Zusammenarbeit mit der Zivilgesellschaft
Der Prozess der Restaurierung müsse maßgeblich von der syrischen Zivilgesellschaft mitgetragen werden - "im Einklang mit ihrer jeweiligen Identität", so Flüchtlingsforscherin Sherine Al Shallah. "Kulturelles Erbe ist der Beitrag bestimmter Völker zur Welt, und diese Völker sind am besten geeignet, es zu pflegen.

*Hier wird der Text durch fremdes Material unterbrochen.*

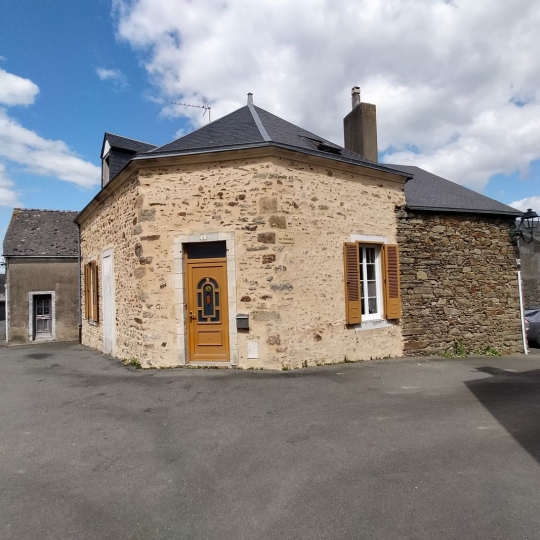 Maison / Villa MONT-SAINT-JEAN (72140) 105.00m2 90 500 € 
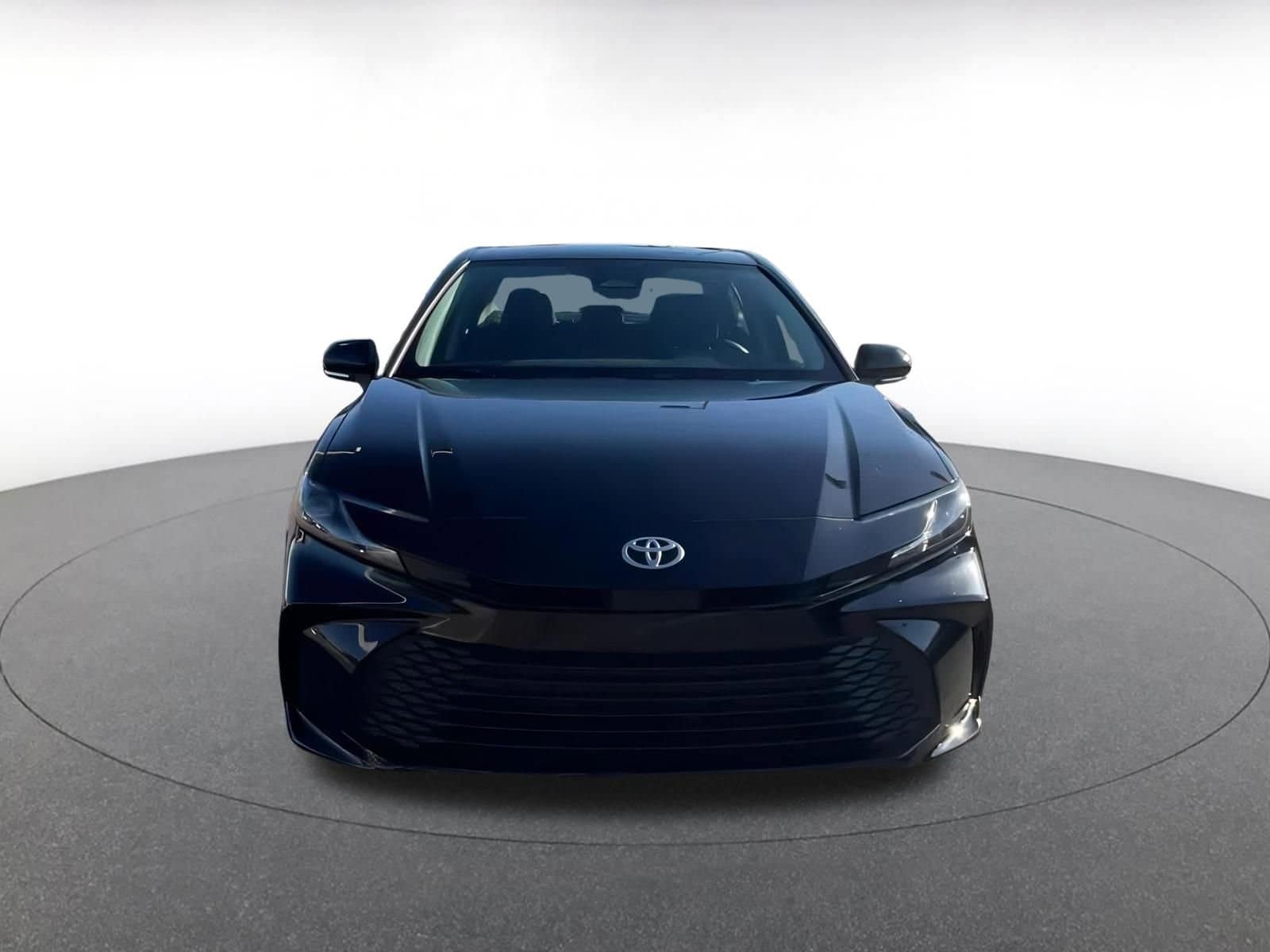 Thumbnail: 2025 Toyota Camry - 4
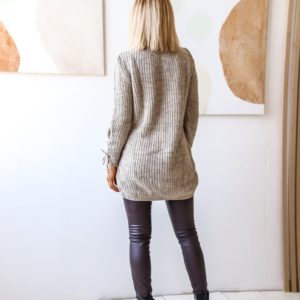 Приобрести женский удлиненный вязанный свитер с завязкой (размер 42-54) по низким ценам бежевого цвета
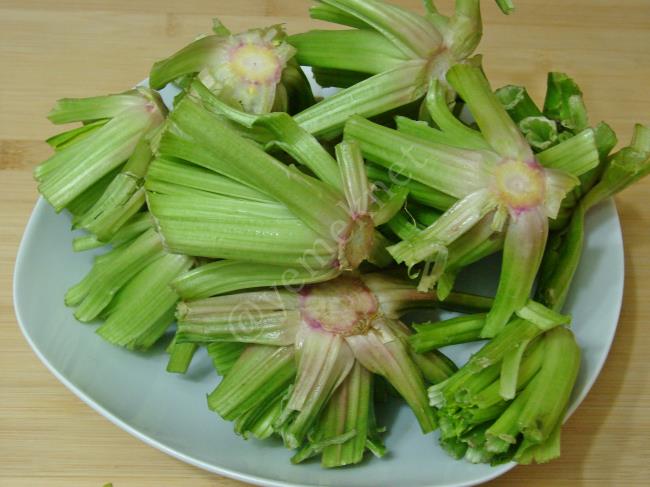 Ispanak Kökü Yemeği - Yapılışı (2/12)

Und es ist ihr Recht, darauf zuzugreifen, es zu genießen und es an künftige Generationen weiterzugeben", so Sherine Al Shallah.
Diese Identität habe sich aus unzähligen Zivilisationen herausgebildet, von der 2000 Jahre alten griechisch-römischen Architektur von Palmyra über die weltweit früheste identifizierte christliche Kultstätte in Dura-Europos bis hin zu einzigartigen Zitadellen und Moscheen aus dem 13. Jahrhundert und den Karawansereien aus dem 18. Jahrhundert. "Es ist Sache des syrischen Volkes zu entscheiden, wer es sein will", sagte Lucas Lixinski. "Die Entscheidung darüber, wer Syrien sein will, wird den syrischen Behörden ein besseres Gespür dafür geben, welches Erbe erhalten werden soll, welches restauriert werden muss und welches man aufgeben kann."
Noch gebe es im Land allerdings so gut wie keine zivilgesellschaftlichen Organisationen, die sich um das Kulturerbe kümmern, sagt Syrien-Experte Nour Munawar. Vorerst müssten ausländische Nichtregierungsorganisationen und Kulturerbe-Experten etwa der UNESCO bei Dokumentation, Erhalt und der Wiederaufbau helfen.
"Stätten in Syrien wie das Saidnaja-Gefängnis sollten unter Schutz gestellt werden", verlangt Sherine Al Shallah. Das Gefängnis war für seine Folterzellen berüchtigt und galt als "menschliches Schlachthaus". Sein Erhalt könne zur Dokumentation der Verbrechen dienen und werde ein Mahnmal gegen Menschenrechtsverstöße sein.